O Estado global da democracia, do Instituto Sueco para Democracia e Assistência Eleitoral, aponta para uma década de deterioração. Para o instituto, nesse período, o número de países se movendo em direção ao autoritarismo foi mais do que o dobro de países rumando no sentido oposto, ou seja, se democratizando. No último relatório, de 2022, o instituto sueco destaca seis casos com retrocesso democrático severo: Brasil, El Salvador, Hungria, Polônia, Índia e Estados Unidos.
O Instituto Variedades da Democracia, também sueco, trabalha com mais de 30 milhões de dados coletados de mais de 200 países desde 1789, envolvendo mais de 4 mil pesquisadores.

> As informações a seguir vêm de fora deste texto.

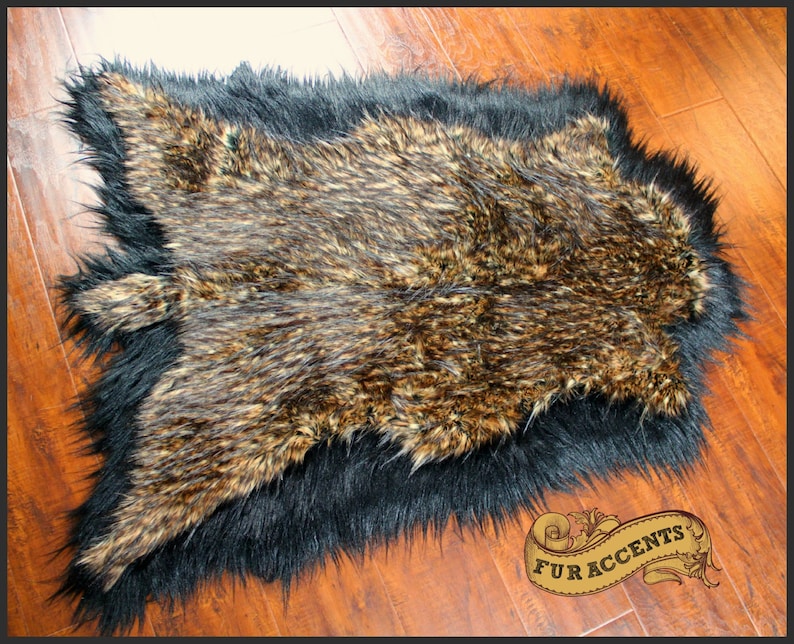 Fur Accents Pelt Rug Faux Fur Double Deer Throw Brown Etsy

O instituto produz o índice V-Dem, que mede o estado da democracia a partir de centenas de atributos sobre o regime, de modo a dar conta da pluralidade de significados envolvendo o termo "democracia".
Segundo o V-Dem, o mundo hoje tem mais "autocracias consolidadas", o pior estado na escala do instituto, do que democracias liberais pela primeira vez em mais de 20 anos. Enquanto 13% da população mundial viveriam, em 2022, em democracias liberais, 28% estariam sujeitas a um regime político de autocracia consolidada.
Na América Latina, o Instituto Latinobarómetro mede o apoio à democracia na região desde 1995. Diferentemente dos outros índices apresentados, o Latinobarómetro pergunta ao cidadão o que está achando da democracia e das instituições e já fez mais de 470 mil entrevistas em todos os países do subcontinente desde que começou os trabalhos há quase 30 anos.
Segundo o Latinobarómetro, estamos no patamar mais baixo de apoio à democracia na América Latina desde o início da medição, quando menos da metade dos entrevistados na região concordam com a afirmação de que "a democracia é preferível a qualquer outra forma de governo". O último relatório do instituto mostra um apoio à democracia de 32% em Honduras, 29% na Guatemala, 35% no México, 37% no Equador, 40% no Paraguai, e 46% no Brasil e em El Salvador. Na Colômbia, 48%, no Peru, 50%, na Bolívia, 51%, no Chile, 58%, na Argentina, 62% e no Uruguai, 80%.
Historicamente, o apoio à democracia no Brasil não ultrapassa muito os 50%. Segundo os dados do Latinobarómetro, chegou a 55% em 2009, mas caiu a 32% em 2016 e estava em 34% em 2018, quando Jair Bolsonaro foi eleito.
Em suma, não há dúvidas de que a democracia se encontra em crise, em especial quando se compara o contexto atual com o do pós-Guerra Fria. Naquele momento do "fim da história", de Francis Fukuyama, a maior parte dos países se movia em direção à democratização, inclusive o Brasil. Além disso, é inquestionável que o Brasil é um dos casos principais na crise global da democracia e os eventos atuais só corroboram essa perspectiva. Nesse contexto, todas as pesquisas clamam que não basta defender o regime democrático, é preciso também urgentemente aprimorá-lo.
Se do lado da oferta no mercado político temos variados tipos de radicais que, com o apoio das mídias digitais, alcançam sucesso eleitoral, do lado da demanda está o cidadão desencantado. Na América Latina, o sentimento se expressa no fato de que, entre 2018 e 2022, 76% das eleições de nível nacional disputadas na região foram vencidas pela oposição. Ou no aumento dos protestos de massa, que passaram de 44, entre 2013 e 2016, para 71, entre 2017 e 2020. Segundo o Latinobarómetro, somente 28% dos latino-americanos estão "satisfeitos com a democracia". No Brasil, esse índice é de 31%.